Announcement

**coder** · 14 February 2021, 06:30 AM

Originally posted by uid313 View Post

And Linux got IO_uring support in version 5.1, and I/O_uring is what is generally called completion queues/ports, something that AmigaOS had. Linux is very late to the game with this feature. Windows already had it long ago too.

I don't know too much about I/O-completion ports and admittedly nothing about AmigaOS, but I would point out that Linux had nonblocking I/O for ages. This is just a different mechanism that doesn't require syscalls for each operation.

**elbar** · 14 February 2021, 06:41 AM

There is also deadline scheduler. If under huge(but really relatively small login) DESKTOP load, it loses request...

**Togga** · 14 February 2021, 09:36 AM

Originally posted by ptrwis View Post

Now only to wait for support in networking libraries of popular programming languages

If you want optimal performance, I guess this is a time to migrate away from your "popular" programming language (which I guess optimizes on number of key-strokes) and start getting things done.

**polarathene** · 14 February 2021, 07:52 PM

Originally posted by Danny3 View Post

I have one of the fastest flash drives on the market, but booting distros from it still doesn't seem the same performance as booting them from the internal SSD even though its performance is comparable to the SSD and it's connected through USB 3.

There's a lot of other differences that will be in play here. You should be able to run some performance tests too (perhaps KDiskMark which is unrelated to KDE, or FIO which can test IO_uring perf specifically), which will help you better understand how the two drives perform differently. Sequential I/O is often used to market drives performance along with capacity, but the more technical details that matter are unrelated to that.

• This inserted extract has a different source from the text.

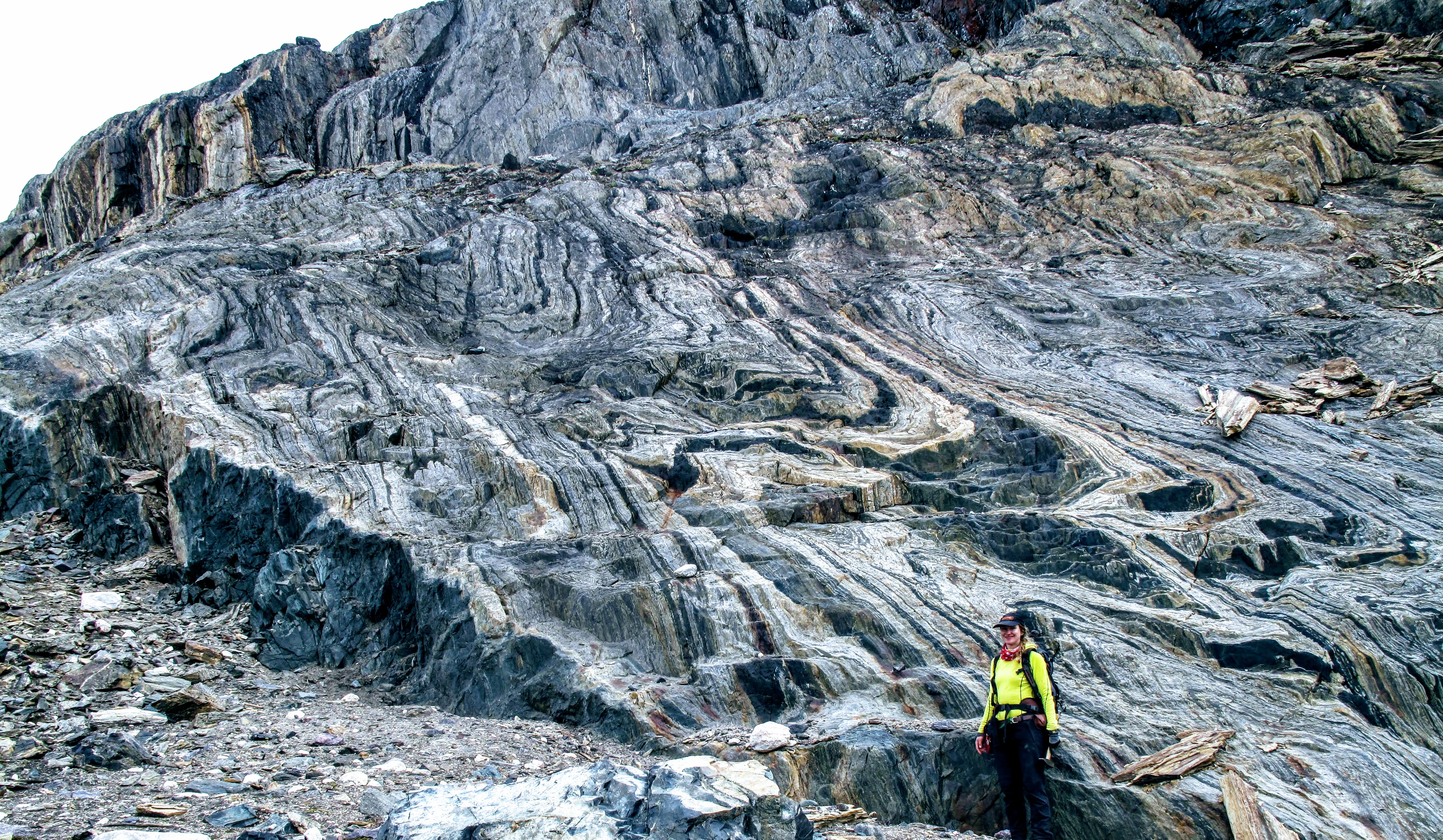 Co-author Athena Eyster standing in front of a large exposure of banded iron formation, the iron rich deposit from which ancient magnetic field signals were extracted.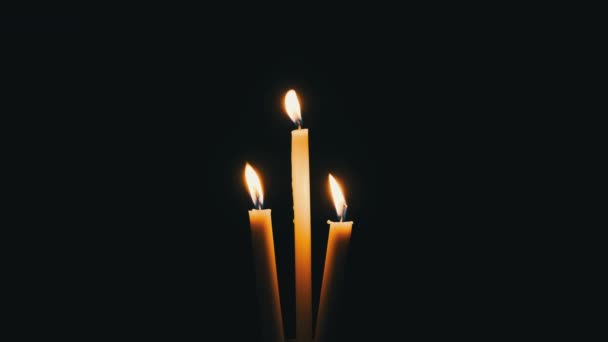 三支蜡烛在黑色的背景上燃烧 孤立的黄色闪烁着的火焰的特写照亮了黑暗 科皮尼斯 烛焰的温暖之火随风飘扬 文字的位置 — 图库视频影像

For random I/O that's IOPS and it will depend on block size (filesystem, usually 4k these days, disks also have their internal sizes that can differ) and how many I/O threads or queue depth you use, along with max bandwidth that can be supported over an interface (SATA, NVMe, USB, PCIe), note that SATA vs NVMe this is quite a difference in queue depth (32 vs 65k), threads are concurrent I/O requests, so you might want to consider perf of 4KQ1T1 as the slowest baseline.

Next up is cache/buffer. The more expensive and bigger internal disks often have these, usually with more premium layer of NAND, this is generally smaller capacity but faster I/O perf, so your writes can be fast if they don't fill that up and it will internally move it to the slower NAND with larger capacity where reads will usually be from (ignoring kernel caching reads into a system ram buffer when spare memory is available).

Then there's a controller chipset, if you update firmware on the product it's for this and these can make a notable difference in performance quality. On the USB products, these also often talk to a bridge chipset (which has it's own firmware if it's an adapter/case which lets you add your own internal disk and treat it as external via USB), the bridge could be for SATA or M.2, but these can also be nerfed a bit in support and it varies in quality, perf issues can usually come from this. I know some don't support passing through SMART data, others don't support TRIM, some have reduced support for queue depth etc despite what the actual connected disk may offer.

Then there's USB part of the bridge that interfaces to the main system. This performance depends on the USB controller chipset on that system which helps negotiate the compatible USB interface that both can best support, and it's I/O performance. On some embedded like devices such as SBCs (eg the Raspberry Pi) power supply may be limited, if it's insufficient it can result in poor performance or failures/corruption either ruining some data or causing a disconnect/reset of the device.

This is a different topic in it's own right regarding power, but you also need to take into account the USB cable properties, it's length can affect carrying sufficient voltage across (5V is standard unless using USB-PD or similar power delivery protocols) and the cables AWG rating (kinda like it's thickness/quality) affects this as well. AWG affects how many amps can be supported (with volts x amps equating to watts of power, some devices expect specific voltage and amperage to work with and some may adjust what they receive on their end to accommodate that if possible, there's usually some loss in efficiency from that process, similar to powerbank supplies).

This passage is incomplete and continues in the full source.